Pound suggests that during battle minds are unable to think symbolically or beyond the immediate drudgery and trauma—their minds are corridors, where they may only see what is immediately before them. Beyond this, “Nothing suggests itself.” Nothing is as it seems. Nothing can be trusted. “There is nothing to do but keep on.” One cannot make values, think of values, or think clearly of abstract concepts such as society in times of war. Pound claims in this poem that the emergence of glory and high values during times of war is a myth. To Pound this question is entirely invalid.
The result of the death toll and efforts of WWI in the eyes of Pound was “two gross of broken statue” and “a few thousand battered books,” he tells us in “Hugh Selwyn Mauberley: V.” The best the war could have achieved was saving “an old bitch gone in the teeth…a botched civilization.” How does a new civilization then emerge? What is society left with? While Pound leaves his audience with only questions and facts pointing toward the necessity of a complete readjustment of values and cultural structure, he at least lets them know that the aforementioned statues and books are certainly not to be relied upon. Kubrick offers even less direction perhaps. While he stresses that a greater effort is required to create a nobler society, one man alone may not do it, he gives no further suggestion as to how it may happen. Cummings, with a post-modern flavor, suggests that perhaps one should revel in the absurdity of society and merely love the left-overs, the freaks and outsiders; paint, write of, and otherwise appreciate their beauty. Yet, how does one achieve that freedom? Little in the way of solid answers is provided by these artists.

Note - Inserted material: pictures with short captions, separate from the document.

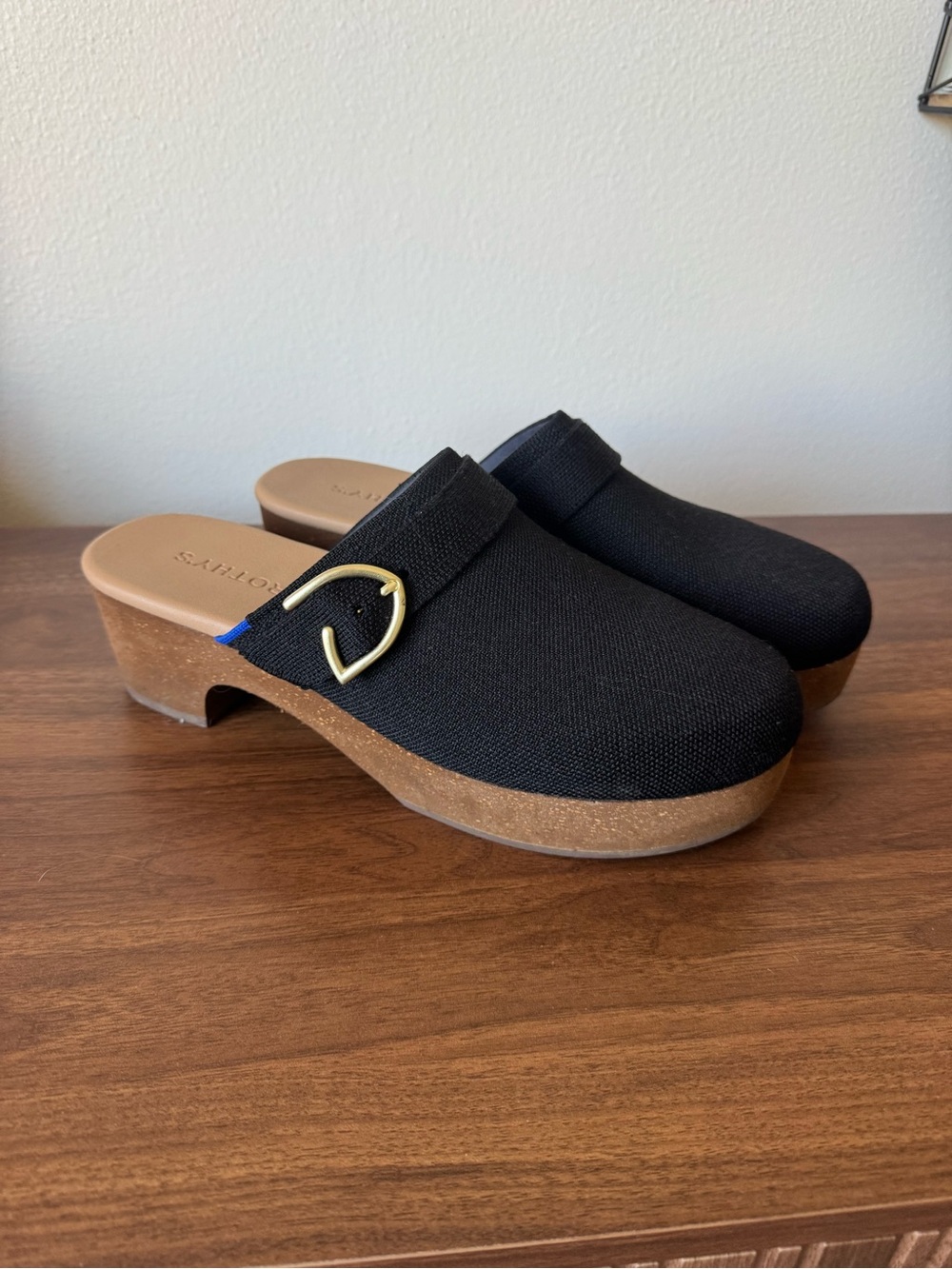 Rothy's Black Knit Platform Mules with Silver Buckle 11.5 Women’s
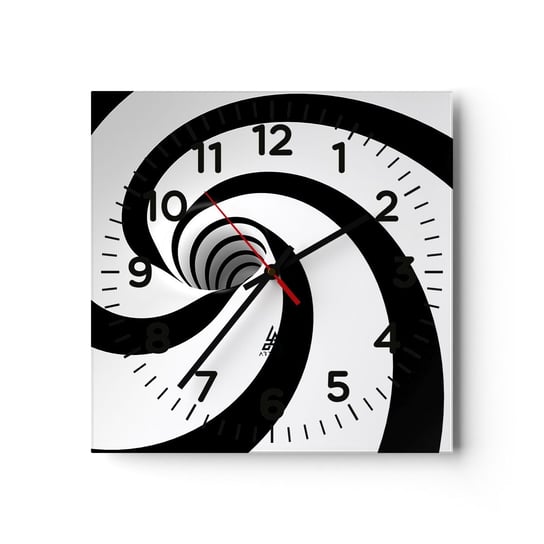 Zegar ścienny - Poddać się wirowi? - 30x30cm - Abstrakcja 3D Wir - Kwadratowy zegar ścienny - Nowoczeny Stylowy Zegar do salonu do kuchni - Cichy i Modny zegar ARTTOR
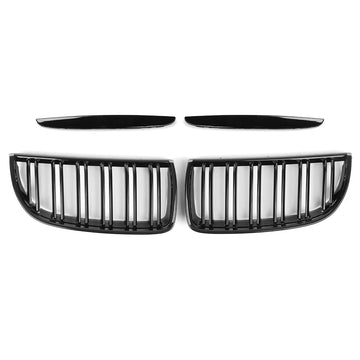 BMW Serie - Nierenrooster - Glanzend Zwart - Dubbele Spijlen - Racing Grill - Voor BMW E90 E91 - Model E90 E91 Pre-Facelift 2005-2008 Apsilon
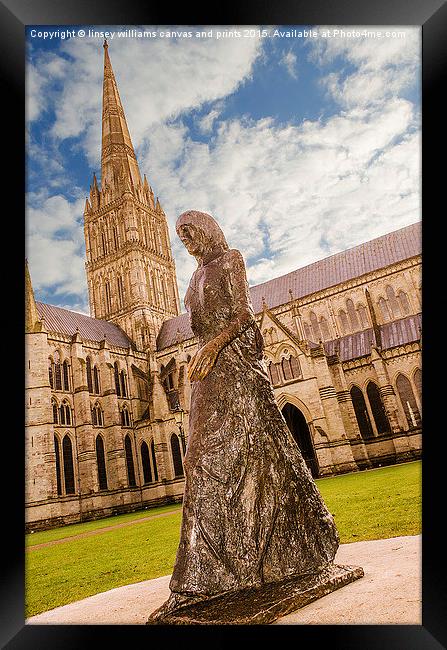 Salisbury Cathedral And The Walking Madonna  Framed Print by Linsey Williams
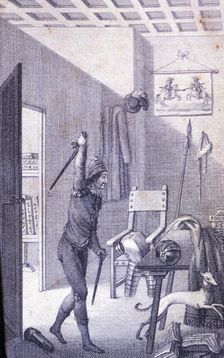 Engraving in an episode of Don Quixote, in El Ingenioso Hidalgo Don Quijote de la Mancha (The I…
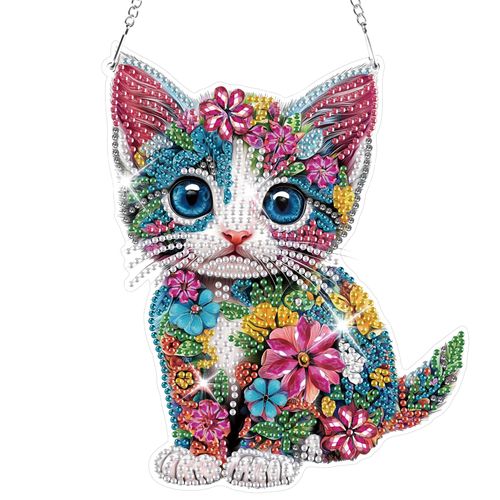 HEIBAGO DIY Hanging Diamond Art Kit Cat,Acrylic 5D Painting Window Pendants Flower,8.3 * 8.3 inch Double Sided Gem Art Ornament Kit,Diamond Art Ornament Kit for Home Wall Decor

What is accomplished by Pound, Cummings, and Kubrick; however, is an awakening of the audiences to the fact that all is not well and that merely accepting the fact that “nothing suggests itself” will not do. These artists plead with their audiences to think, read, view more deeply and actively participate in the cognitive process, forcing them to the leave the page, the movie screen, the novel and enter into their world with a new critical eye.